Punch Today In The Face.


When I was a kid, I used to get overly excited for the anticipation of future events. Whether this was a trip to the Wisconsin Dells (waterpark), the 7th grade swing dance, a princess themed birthday party or simply a trip to the movies - my stomach would be taken over by butterflies just thinking about how much fun I was going to have at these events. Don’t you remember the paper chain countdown to summer that you used to create with your friends? This is exactly what I’m talking about.

With time, that fluttering anticipation diminished for me - and probably for you as well. Regardless of how excited I was for what was to come, reality seemed to take over (projects needed to be wrapped up, laundry needed to be done, budgets needed to be set) and these anticipated events became easier to wait for and easier to manage my emotions when thinking about. Why is that? Why, as adults, do we allow ourselves to look forward to something, but not with the same butterflies-in-our-tummies, hard-to-fall-asleep, countdown-on-the-calendar excitement? It’s something that seems to leave us with age and we never seem to notice or try to gain back.

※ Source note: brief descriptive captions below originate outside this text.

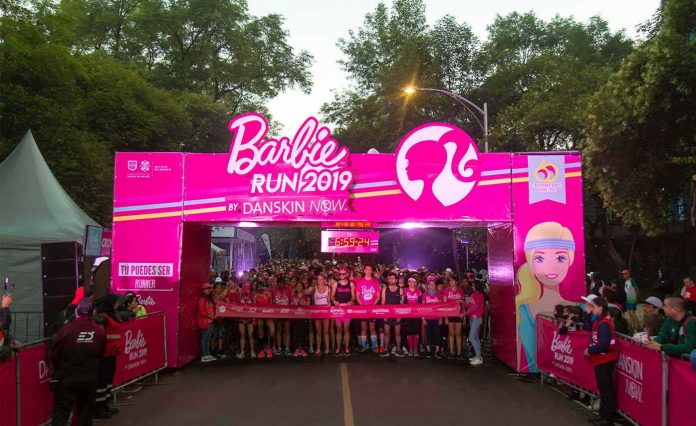 Barbie Run 2020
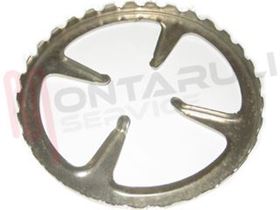 Visualizza i dettagli per RIDUZIONE GRIGLIA IN LAMIERA GRANDE DIAM. 160 Immagine di RIDUZIONE GRIGLIA IN LAMIERA GRANDE DIAM. 160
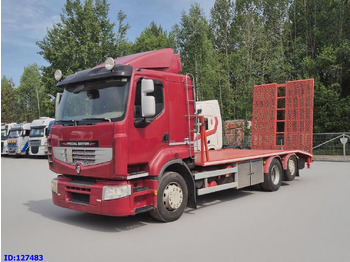 Kamion sa tovarnim sandukom RENAULT Premium 460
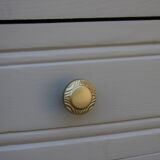 Armoire art déco asymétrique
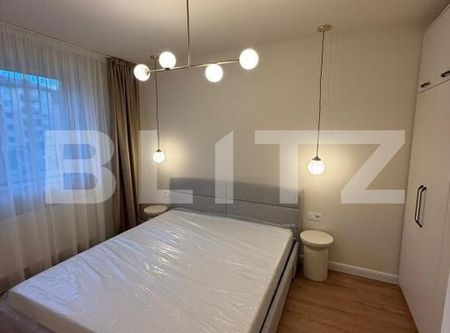 Apartament cu 2 camere, parcare, Beta Residence - Fotografie 3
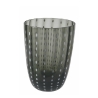 Ensemble de 6 verres à eau design exotique 300 ml Kahalari Vente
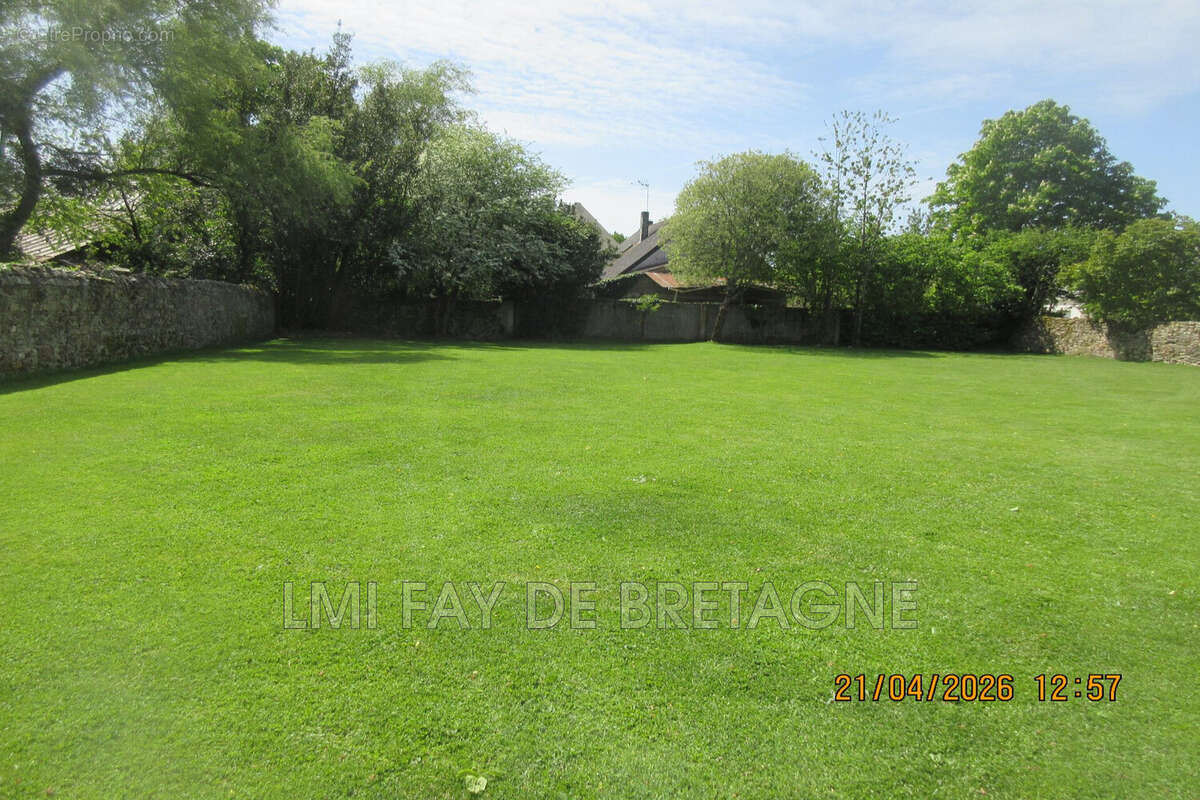 Terrain 508 m² à Treillieres  - photo 6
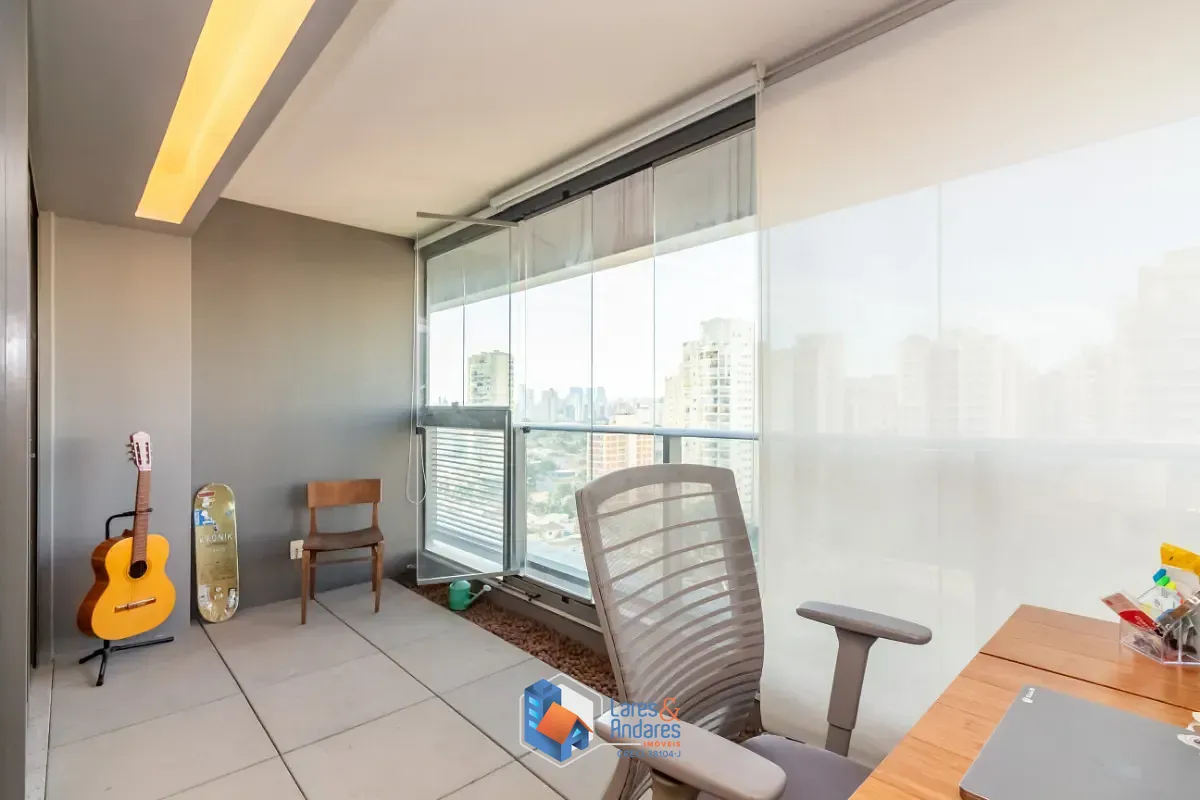 Apartamento, 1 quarto, 41 m² - Foto 10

Today, this feeling consumed me for the first time in years. It came without warning and without effort. I was working in our collaborative office, looking around at Margot lounging on the couch, laptop in her lap (as it should be) - Jordan fixated on his computer, headphones in, concentration game strong - Ola answering a phone call, all smiles - sun streaming in the windows - sea breeze sneaking through the door as it opens. Damn. Life is good. This feeling of excitement for future events came at a time when I can hardly even imagine what future events are ahead of me. The future is so uncertain for us all right now, but the present is so damn good.

So in come the butterflies, away goes the sleep, and countdowns commence - as the next 361 days are bound to be something special!